Rudy Giuliani tells Eric Adams to take on Gov. Hochul to make NYC safe again

Posted on Mar 3, 2022

Rudy Giuliani challenged Mayor Eric Adams to use his “political capital” by publicly challenging Gov. Kathy Hochul to tighten up the state’s controversial “no cash” bail law.

Giuliani said Adams is letting fellow Democrat Hochul off the hook as she runs for election to keep the governorship — a position the former lieutenant governor only assumed after three-term Andrew Cuomo was forced to resign amid sexual harassment allegations.

At the state Republican Party convention in Garden City on Tuesday, former two-term Republican mayor Giuliani said Adams needs to quit “playing politician” and stop “being two-faced” on bail reform.

“If you’re really interested in bail reform, you go up against your governor, even though she’s a Democrat,” said Giuliani.

Hochul thus far has refused to budge on toughening up the law that eliminates cash bail for defendants accused of criminal misdemeanor and most “non-violent” felony crimes pending trial.  

Adams also made the trek up to Albany in early February asking top Democratic legislative leaders state Sen.

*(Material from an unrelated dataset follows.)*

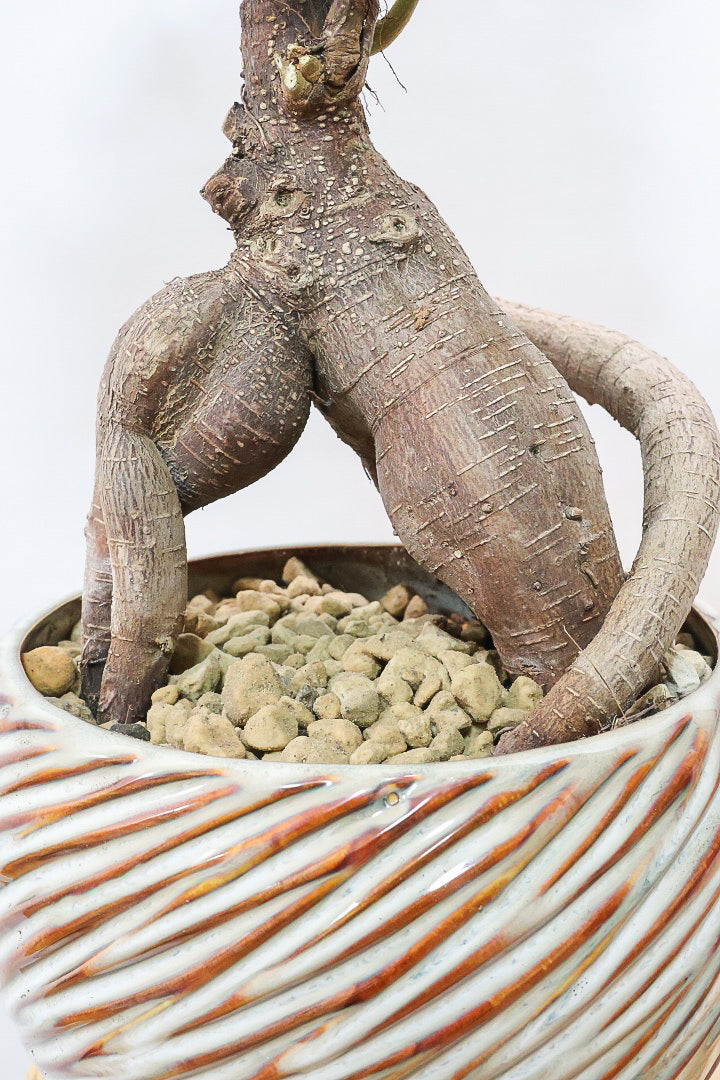 ガジュマルAIV60839| 観葉植物の通信販売 | APEGO(アペーゴ)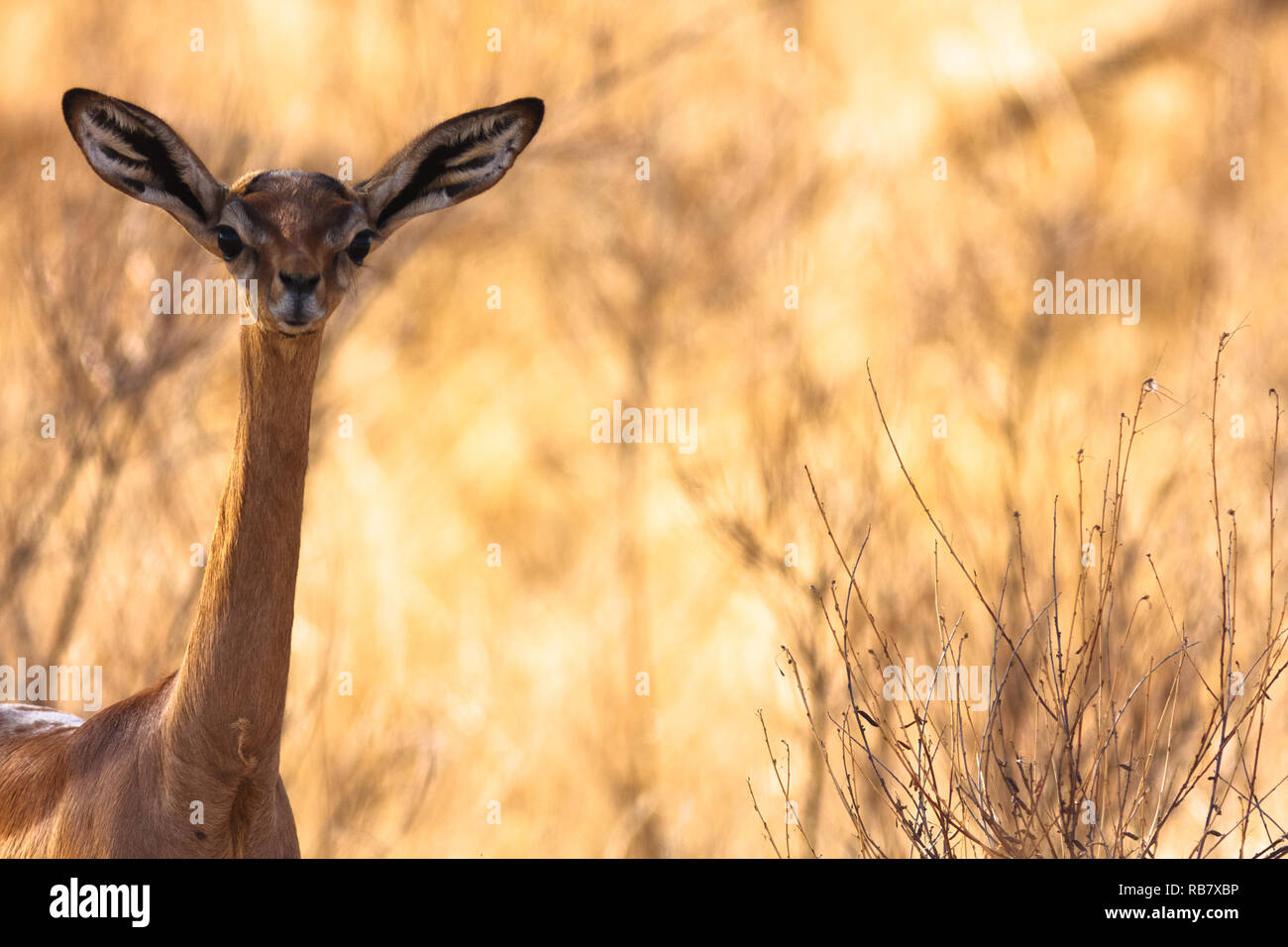 Gazelle Kopf. Gerenuk in der Nähe von einem Baum. Samburu, Kenia. Stockfoto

Majority Leader Andrea Stewart-Cousins (D-Westchester) and Assembly Speaker Carl Heastie (D-The Bronx) — to amend the bail reform law.

He wants to give judges the ability to consider the “dangerousness” of a defendant when it comes to making determinations about setting bail and the release of individuals accused of crimes.

But Adams was told in no uncertain terms that the idea was dead on arrival.

“A mayor has responsibilities beyond his party … He knows enough to know that the bail laws of Cuomo is one of the main reasons that there are as many as 8,000 to 10,000 more criminals on the street that shouldn’t be there,” Giuliani said.

“If you want a simple explanation of the crime problem in New York, that’s the simple explanation.”

Giuliani, when he was mayor in the 1990s, sparred with Adams over police brutality. At the time, Adams was a transit cop who founded 100 Black Men in Law Enforcement and sought changes in the NYPD.

He backed the Republican mayoral candidate Curtis Sliwa last year but gave Adams kudos during the Democratic primary for his focus on crime and safety.

“You change those bail laws, you’ll save black lives. You keep the bail laws the way they are, and he’s gonna continue to have black people killed,” Giuliani said.

The former tough-on-crime mayor said Adams must use the maximum “political leverage” he has during his first year in office to persuade Hochul and the legislature to act.

“Imagine if the mayor of New York came out against her? That’s what I’d tell her. I’d tell her, `Look my party is bull crap compared to the good of the people in New York. You don’t change that bail law or I don’t know, maybe I’ll support one of those Republicans like I supported Giuliani,” he said.

Adams, who was once a Republican, backed Giuliani’s re-election for mayor in 1997.

“I can’t imagine how he goes to sleep at night and he has more crime than de Blasio,” Giuliani said.

“The mayor has been clear that he wants to work with the governor, the Legislature, our district attorneys, and anyone else willing to focus on the public’s safety. This is not just his agenda, but New York City’s agenda,” said Fabien Levy, press security for Mayor Adams.

“Three-in-four city residents want action on crime, so we are taking action to do that. It’s time we all work together to keep New Yorkers safe.”